In a career where Clark topped 500 receptions, including becoming the second NFL tight end ever with 100 seasonal receptions (2009), he may have been at his destructive best in the playoffs after the 2006 season.
In four games culminating in a world title, Clark had 21 receptions for 347 yards, the most by a tight end in one post-season, while his catches fell one shy of matching the record.
“We had receivers get hurt in the Super Bowl run,” said Dungy. “He basically played a wide receiver position a lot for us in the AFC Championship game and Super Bowl XLI. That ability was huge.”

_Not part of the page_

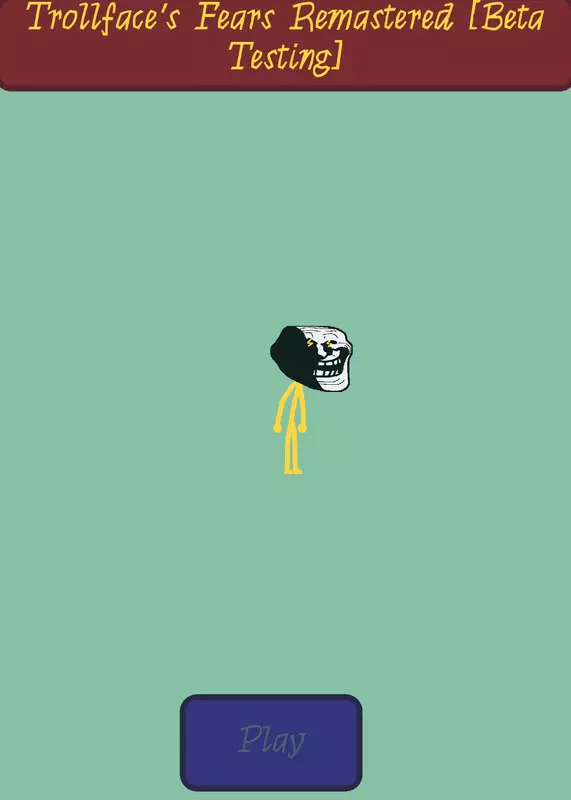 Game by @TheWeepingGod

Clark had a late third-down reception at Baltimore in the divisional round to help ice a 15-6 win. That catch, which he terms his “favorite,” set the table for six receptions for 137 yards against New England in the AFC title game. Clark had four receptions against Chicago in the Super Bowl.
“His 2006 playoff run in my opinion will go down as one of the most impressive accomplishments for any tight end,” said Peyton Manning. “Basically, he was our slot receiver for that entire playoff run when Brandon Stokley got injured. Teams were playing defensive backs and cornerbacks on him, and it didn’t matter. He was still getting open.
“He had a couple of huge catches against Baltimore, some huge plays in our comeback win against New England and a couple of pivotal catches in the Super Bowl, all when defenses were keying on him and targeting him.”
One of Clark’s two career 80-yard scoring receptions came in 2004, the year Indianapolis boasted three receivers – Marvin Harrison,
“Dallas allowed you to do so much,” said Clyde Christensen. “People remember all of those good (statistical) years, but the only reason Stokley and (Austin) Collie and those guys were able to become great slot guys was because our tight ends did what they did. They were that fullback-type guy when we went to our three-wide package.’’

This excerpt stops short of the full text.